## Work to be completed:
Could you set down the records below exactly as they are, with no pictures?

## Data:
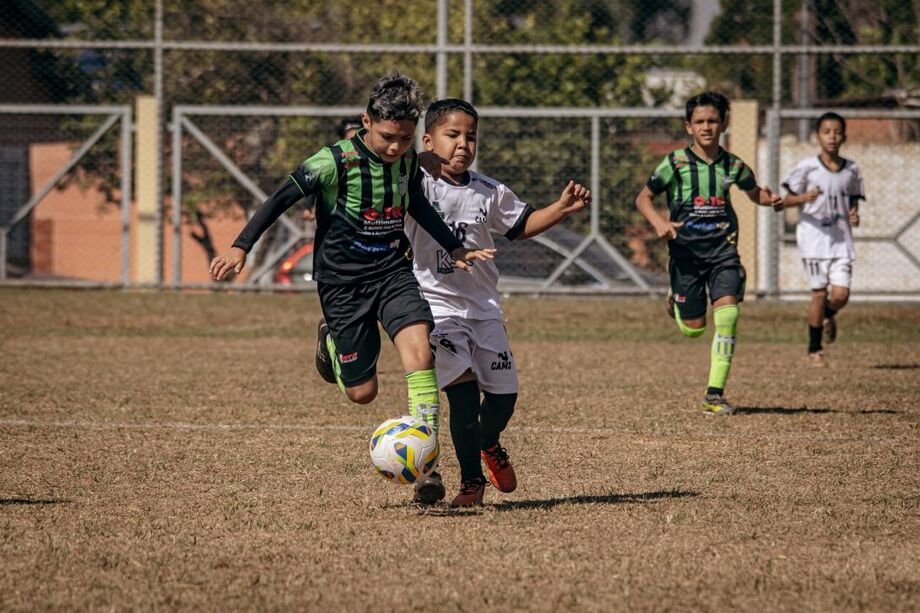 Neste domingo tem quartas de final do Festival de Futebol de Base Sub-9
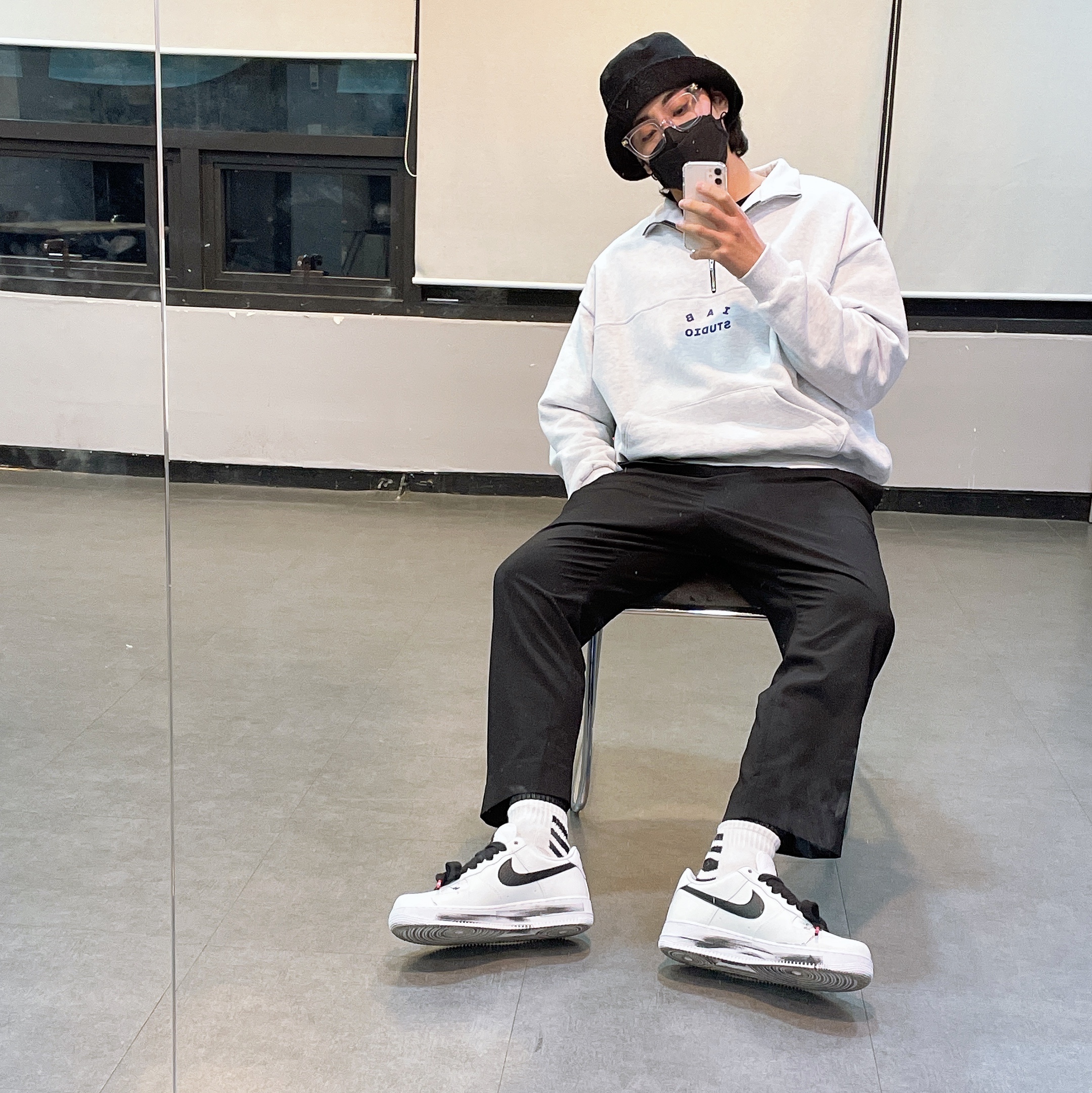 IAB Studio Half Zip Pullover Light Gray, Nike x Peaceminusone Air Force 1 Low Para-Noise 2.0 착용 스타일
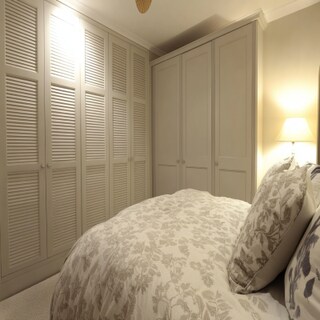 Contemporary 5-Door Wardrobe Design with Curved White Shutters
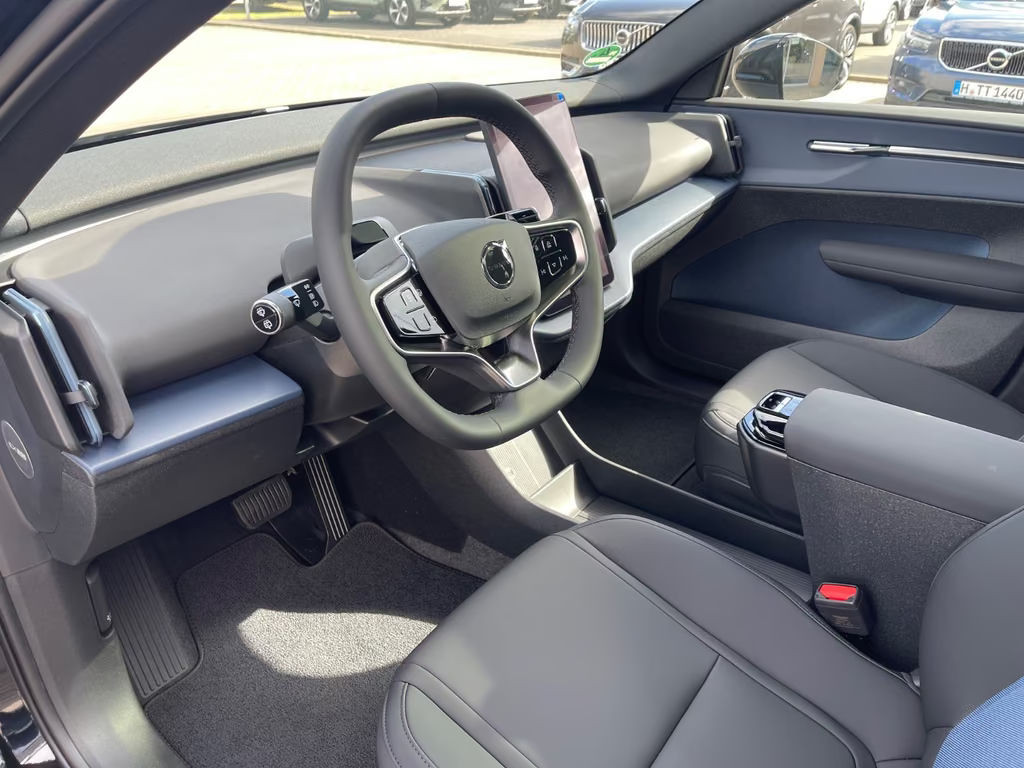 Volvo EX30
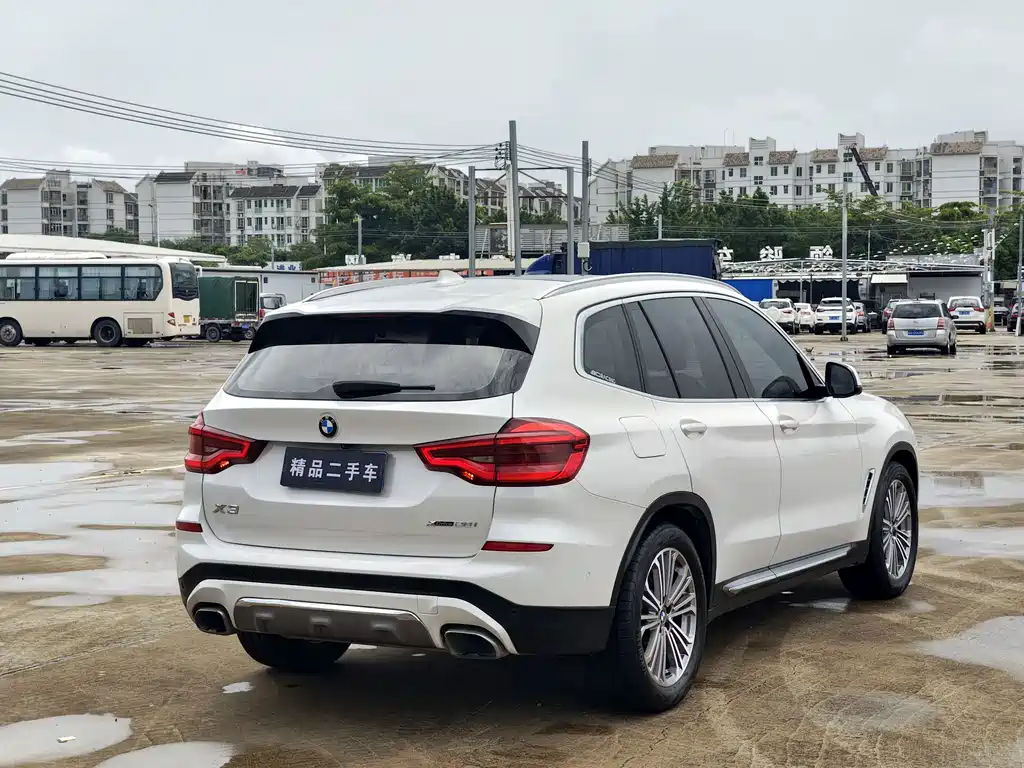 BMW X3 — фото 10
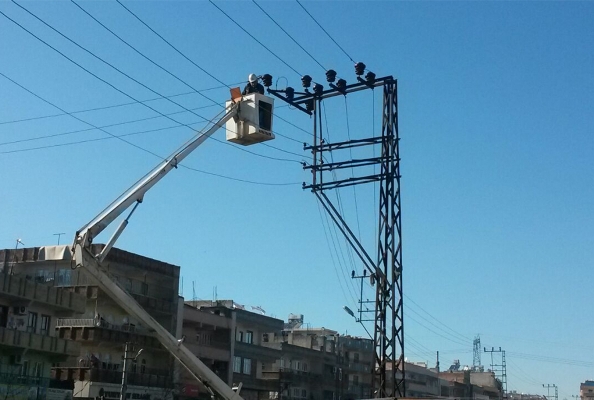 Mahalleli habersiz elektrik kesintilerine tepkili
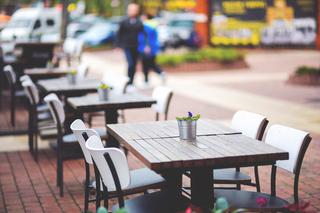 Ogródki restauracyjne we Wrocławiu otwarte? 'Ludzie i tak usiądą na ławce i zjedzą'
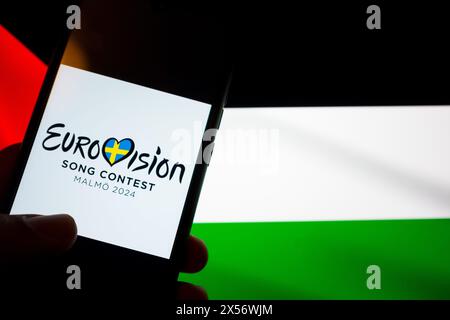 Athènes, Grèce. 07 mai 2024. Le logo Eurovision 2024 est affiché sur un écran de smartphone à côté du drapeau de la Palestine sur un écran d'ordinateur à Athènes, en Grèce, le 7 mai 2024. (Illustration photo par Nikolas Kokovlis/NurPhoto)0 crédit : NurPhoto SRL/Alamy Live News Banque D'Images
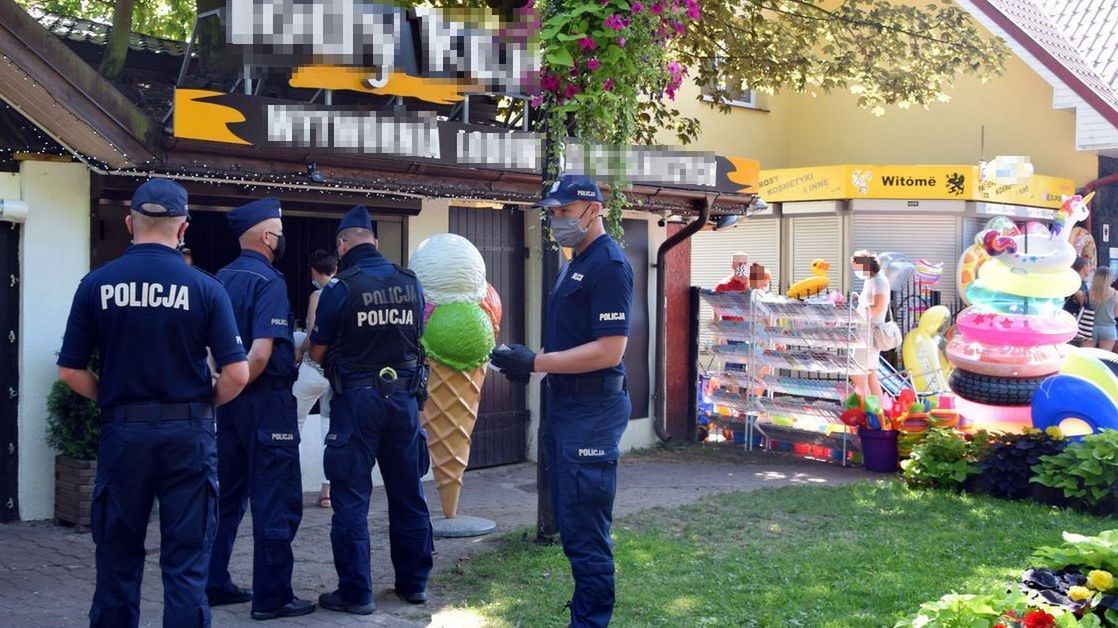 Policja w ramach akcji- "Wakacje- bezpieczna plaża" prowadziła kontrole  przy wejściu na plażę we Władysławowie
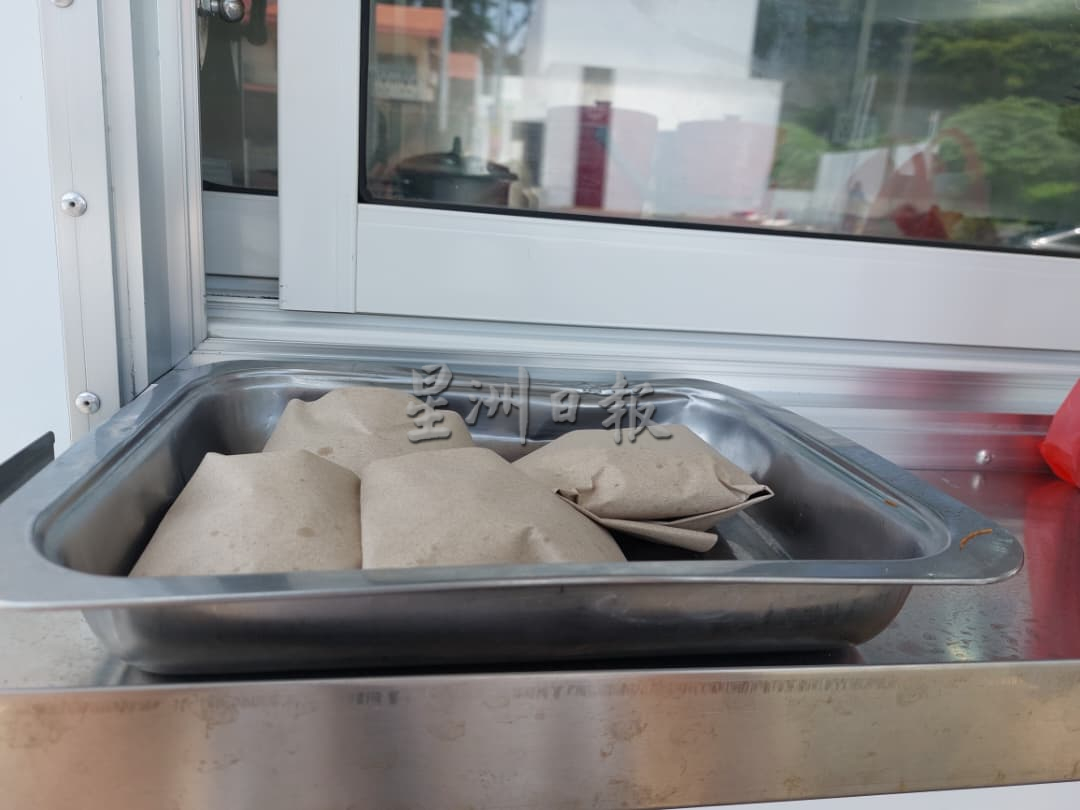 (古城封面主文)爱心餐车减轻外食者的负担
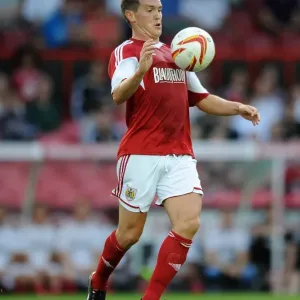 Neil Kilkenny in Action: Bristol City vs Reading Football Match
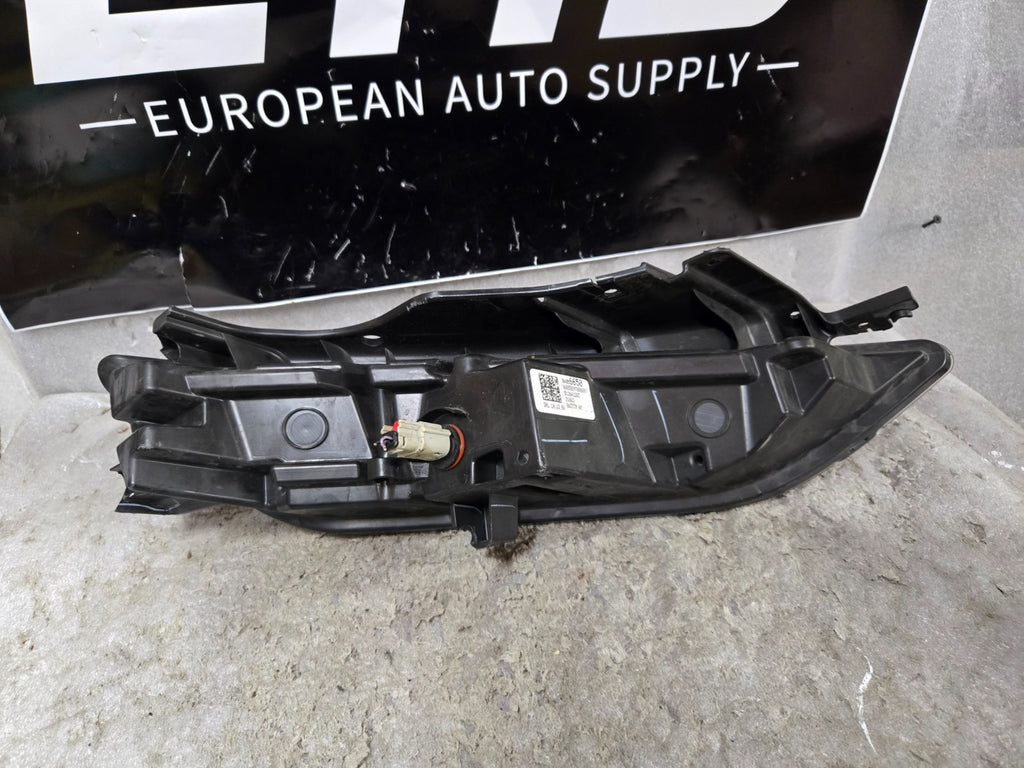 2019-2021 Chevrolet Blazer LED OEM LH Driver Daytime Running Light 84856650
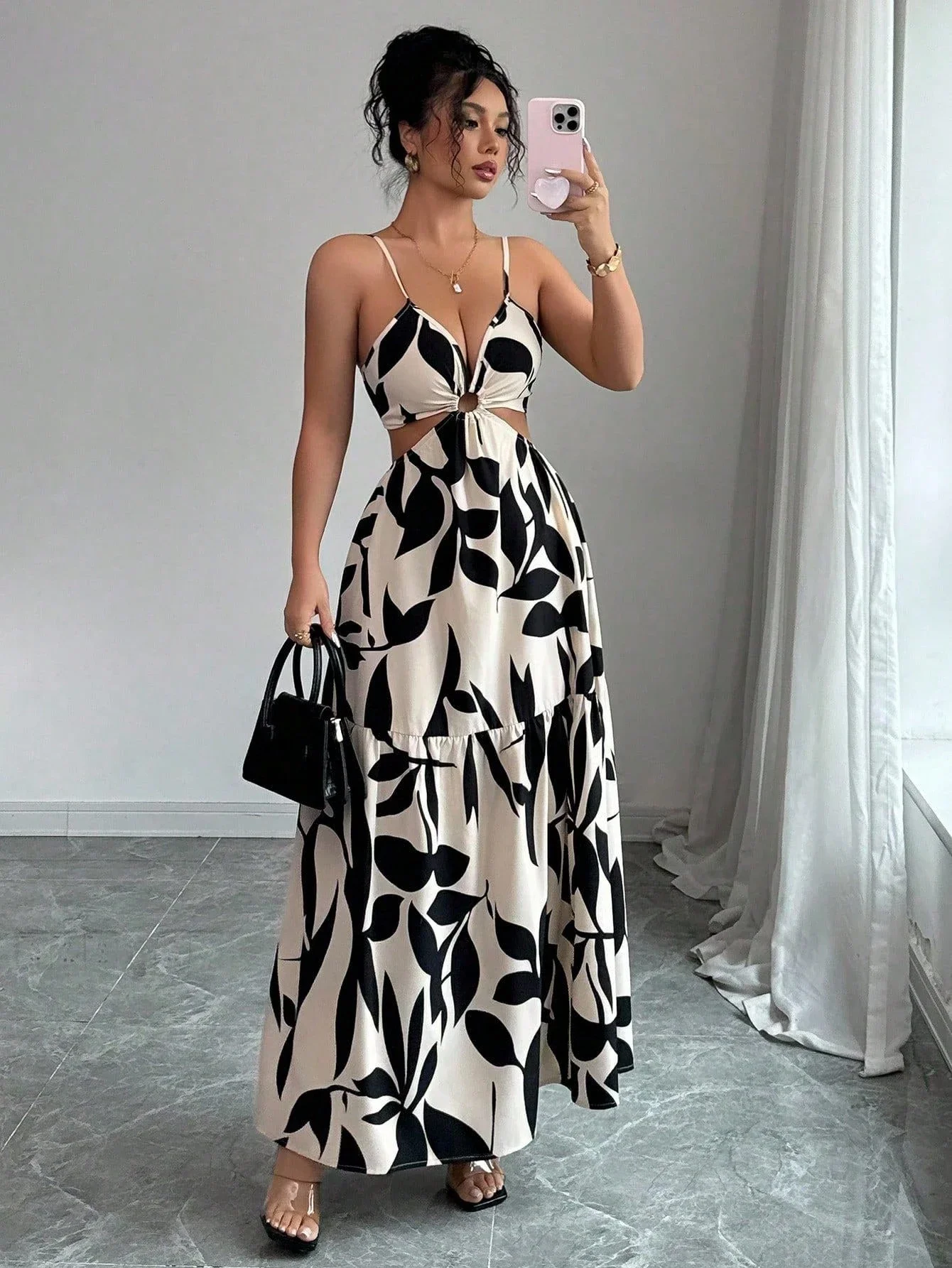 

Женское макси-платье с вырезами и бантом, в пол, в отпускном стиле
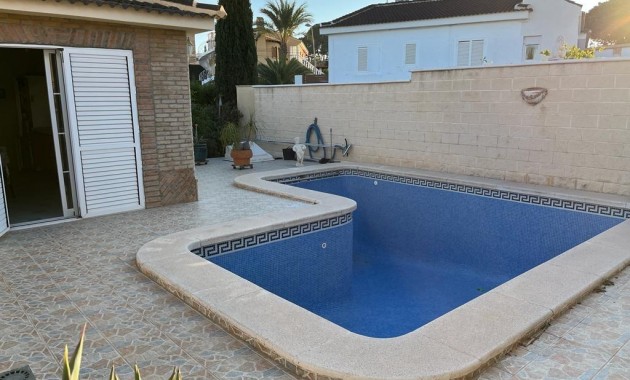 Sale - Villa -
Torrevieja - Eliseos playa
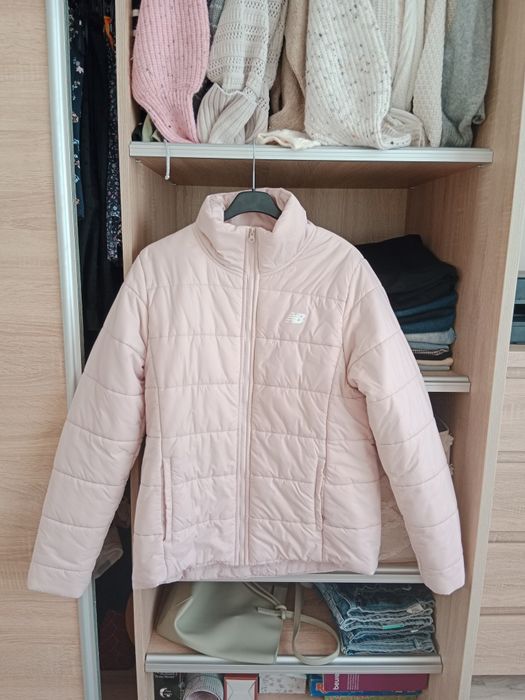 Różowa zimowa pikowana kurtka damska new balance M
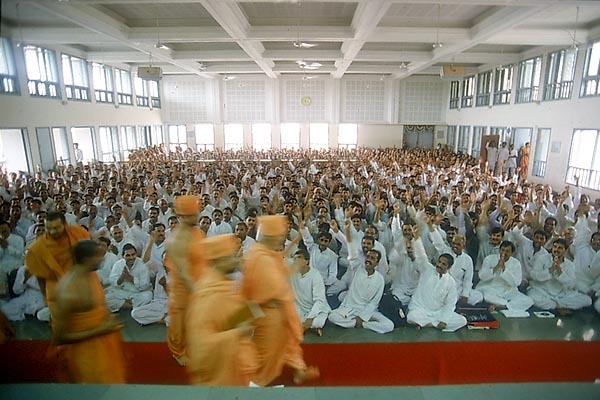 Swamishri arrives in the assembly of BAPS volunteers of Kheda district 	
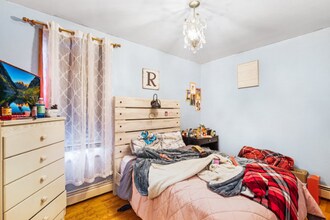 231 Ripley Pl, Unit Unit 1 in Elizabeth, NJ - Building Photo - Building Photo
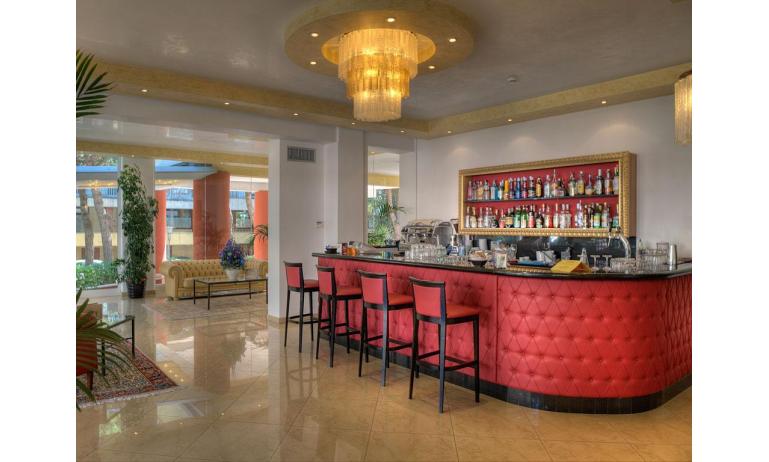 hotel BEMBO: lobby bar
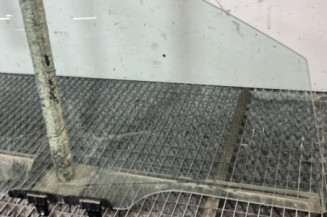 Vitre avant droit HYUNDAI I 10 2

## Response area:
 Neste domingo tem quartas de final do Festival de Futebol de Base Sub-9
 IAB Studio Half Zip Pullover Light Gray, Nike x Peaceminusone Air Force 1 Low Para-Noise 2.0 착용 스타일
 Contemporary 5-Door Wardrobe Design with Curved White Shutters
 Volvo EX30
 BMW X3 — фото 10
 Mahalleli habersiz elektrik kesintilerine tepkili
 Ogródki restauracyjne we Wrocławiu otwarte? 'Ludzie i tak usiądą na ławce i zjedzą'
 Athènes, Grèce. 07 mai 2024. Le logo Eurovision 2024 est affiché sur un écran de smartphone à côté du drapeau de la Palestine sur un écran d'ordinateur à Athènes, en Grèce, le 7 mai 2024. (Illustration photo par Nikolas Kokovlis/NurPhoto)0 crédit : NurPhoto SRL/Alamy Live News Banque D'Images
 Policja w ramach akcji- "Wakacje- bezpieczna plaża" prowadziła kontrole  przy wejściu na plażę we Władysławowie
 (古城封面主文)爱心餐车减轻外食者的负担
 Neil Kilkenny in Action: Bristol City vs Reading Football Match
 2019-2021 Chevrolet Blazer LED OEM LH Driver Daytime Running Light 84856650

Женское макси-платье с вырезами и бантом, в пол, в отпускном стиле
 Sale - Villa -
Torrevieja - Eliseos playa
 Różowa zimowa pikowana kurtka damska new balance M
 Swamishri arrives in the assembly of BAPS volunteers of Kheda district 	
 231 Ripley Pl, Unit Unit 1 in Elizabeth, NJ - Building Photo - Building Photo
 hotel BEMBO: lobby bar
 Vitre avant droit HYUNDAI I 10 2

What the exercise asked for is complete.